DATA EXTRACT below:

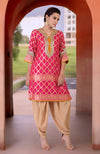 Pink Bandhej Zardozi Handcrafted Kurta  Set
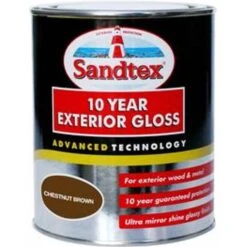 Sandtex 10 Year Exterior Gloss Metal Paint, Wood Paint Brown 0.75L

End of DATA EXTRACT.
DATA EXTRACT below:

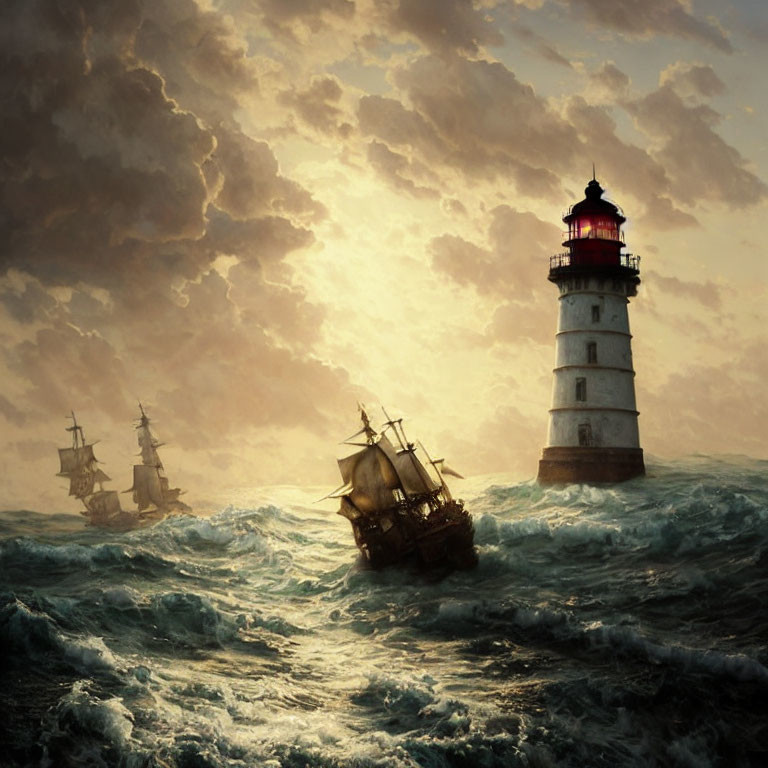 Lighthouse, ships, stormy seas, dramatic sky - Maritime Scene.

End of DATA EXTRACT.

• ACTIVITY:
What lines above run from the one with "Pink Bandhej Zardozi" to the one with "Sandtex 10 Year"? Give them again exactly, ends included, and leave the pictures out.

• RESPONSE AREA:
 Pink Bandhej Zardozi Handcrafted Kurta  Set
 Sandtex 10 Year Exterior Gloss Metal Paint, Wood Paint Brown 0.75L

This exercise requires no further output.